Tuesday, September 04, 2007

Keeping Your Management System Simple
Jason Averbook and Heidi Spirgi


The iPod is an icon of simplicity. How has a device with a single-click wheel and one button created a paradigm shift in music? How has a device that's small enough to put in your pocket transformed the way people interact — or don't — in public spaces? How did Apple get it so right when other manufacturers of portable music devices got it so wrong?

It focused on simplicity — the art of delivering just what is needed, no more, in a way that is intuitive to the end-user. This goes far beyond user interface design. It goes to the heart of the purpose, context and marketing of the iPod.

To do this, Apple focused on three principles of simplicity:

• Audience. Who is the user? Teenagers, students, audiophiles, business travelers, children, corporations?

• Outcome. What does it want to deliver to the buyer? Sound quality, portability, gaming, music, audiobooks, movies, photos, a camera?

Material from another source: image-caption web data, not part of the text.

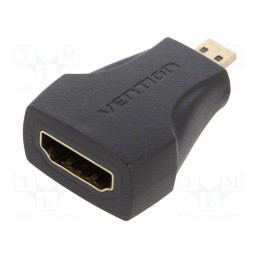 1 pcs x VENTION - AITB0 - Adapter, HDMI socket,micro HDMI plug, black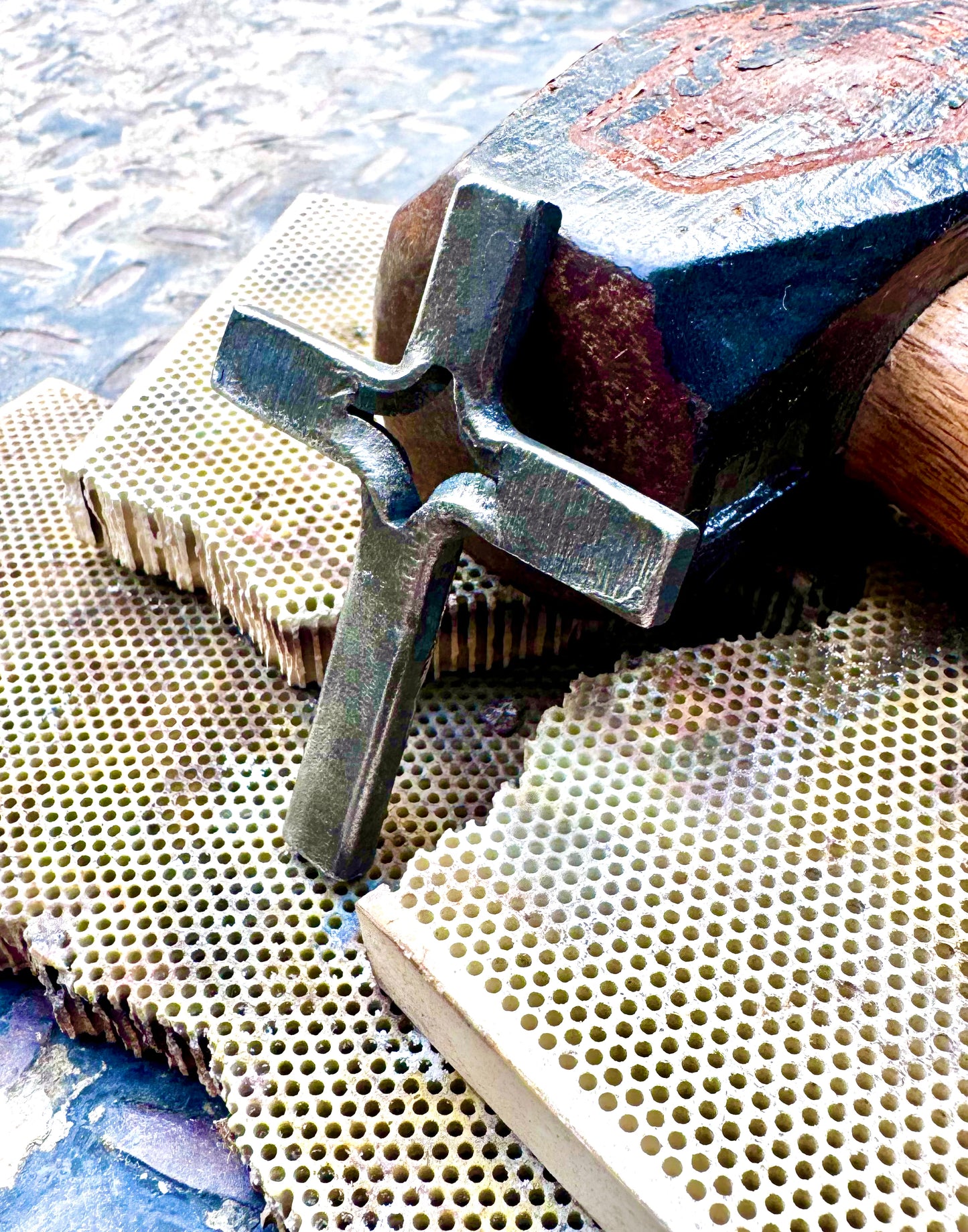 Metal forged cross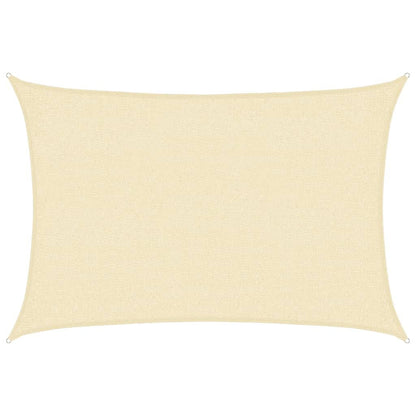 Vidaxl Toldo De Vela Crema Hdpe 160 G/m² 2x3 M_0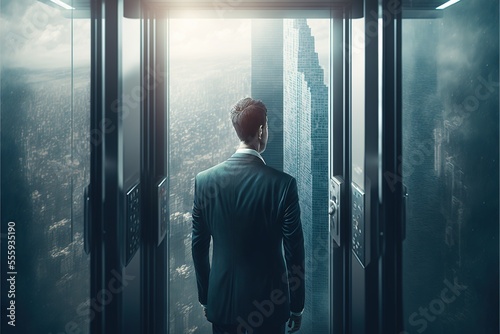 Digital illustration about businessman. © SCHRÖDER
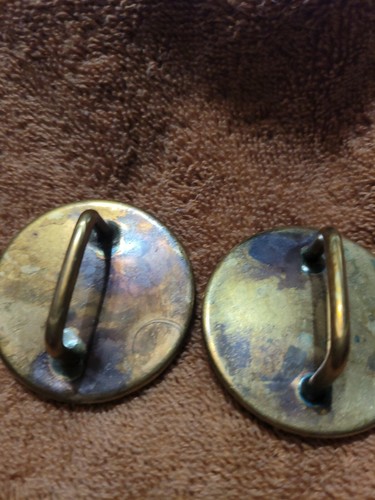 Bridle Rosette's St Joseph Stockyards 2 in brass and glass - Picture 4 of 4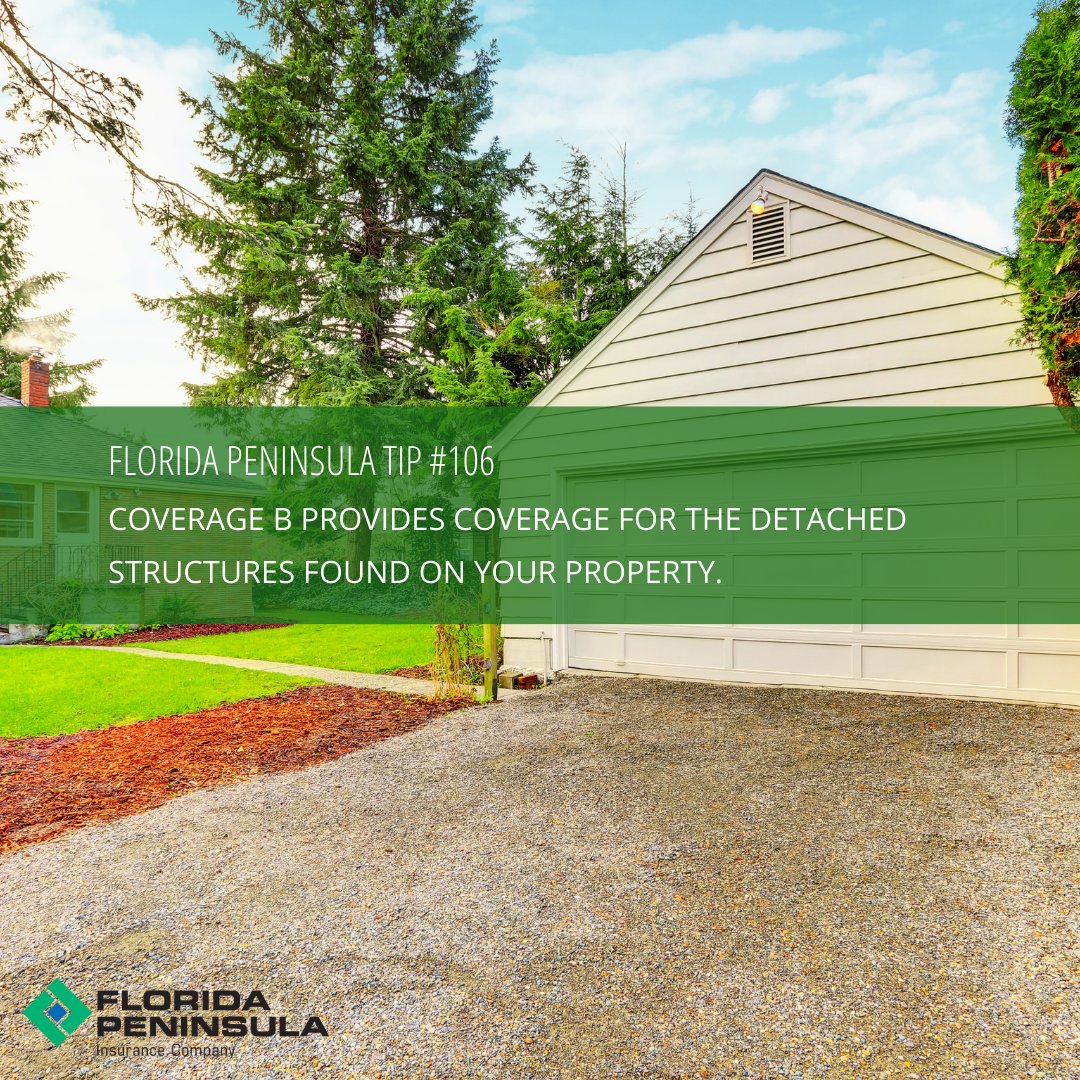 FLPenInsCo's tweet image. Your shed, garage, and fence work hard — why not protect them? 🏡 Coverage B in your homeowners policy ensures they are covered. Learn more about it on our website: floridapeninsula.com/homeowners-ins…

#ProtectYourProperty #CoverageB #FloridaPeninsula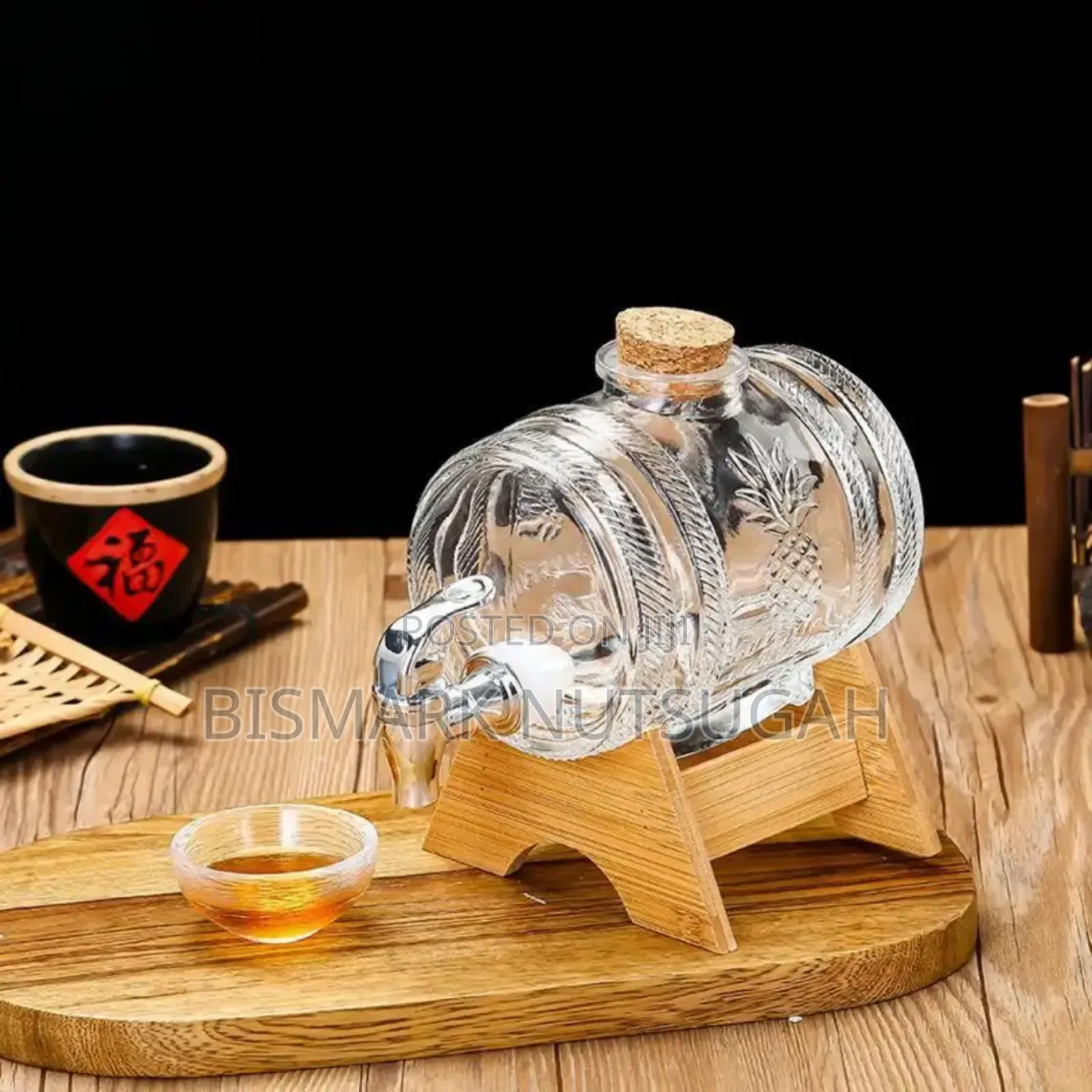 Glass Juice Drink Dispenser Barrels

• Experience. When and how will the buyers interact with the iPod? Under what conditions and in what context? During the day, at night, while running, while walking through an airport, in the shower, with solar power, via speakers or headphones? What content and related functions will they need when using the iPod? Music downloads, synchronization, software updates, music reviews?

To be successful, Apple narrowed its goal and focused on a subset of possible audiences, outcomes and experiences. The iPod was not developed with children, students or corporations as the primary audience. It was not designed to replace portable gaming devices. It was not designed to be listened to in the shower, to be powered by solar energy or to deliver music reviews to the buyer.

Apple's goal with its first release of the iPod was not to include all possible features but to create a high-quality, simple and consistent music experience. Apple consciously chose to forgo many features that are still common on far-less-successful brands.

By focusing on these principles of simplicity and crisply defining audience, outcome and experience, Apple got it right and revolutionized the way music is consumed in the 21st century.

Three Principles of Simplicity

These same three principles of simplicity apply to getting it right with your talent management system.

Audience: Who are your users, and what are they like?

Unlike other human capital management (HCM) technologies, the primary users of talent management systems are not administrators or power users — they are the employees, managers and executives who interact with the system, sometimes daily, sometimes annually.

Successful talent management initiatives require laserlike focus on the perspective of the end-user. Because talent managers are not the ultimate end-users, talent management project teams should look for ways to incorporate employee and manager perspective into every phase of the project.

Outcome: What business outcomes are you driving toward?

Are you looking to operationalize your business plan by creating greater organizational alignment? Are you looking to increase levels of compliance? Are you looking to grow the bench strength of pivotal roles?

Getting clear about what business outcomes you are driving toward is a prerequisite to delivering just what is needed — no more, no less. Without a focus on business outcome, organizations tend to select, develop and roll out talent management systems that are dense in functionality, hard to follow, deliver little value and encounter user resistance and low adoption.

Experience: When and how will the user interact with the talent management system?

As with the iPod, it's critical to define the anticipated conditions and context in which users will use a talent management system. Will they use it daily, monthly, quarterly, yearly? Will they need access to it while flying, from home, on a mobile device? How will they find the application — portal, intranet, e-mail link? How many clicks are required to access it? To what other information, content and related transactions will they need access? What are they likely doing at the time when they need access to the system?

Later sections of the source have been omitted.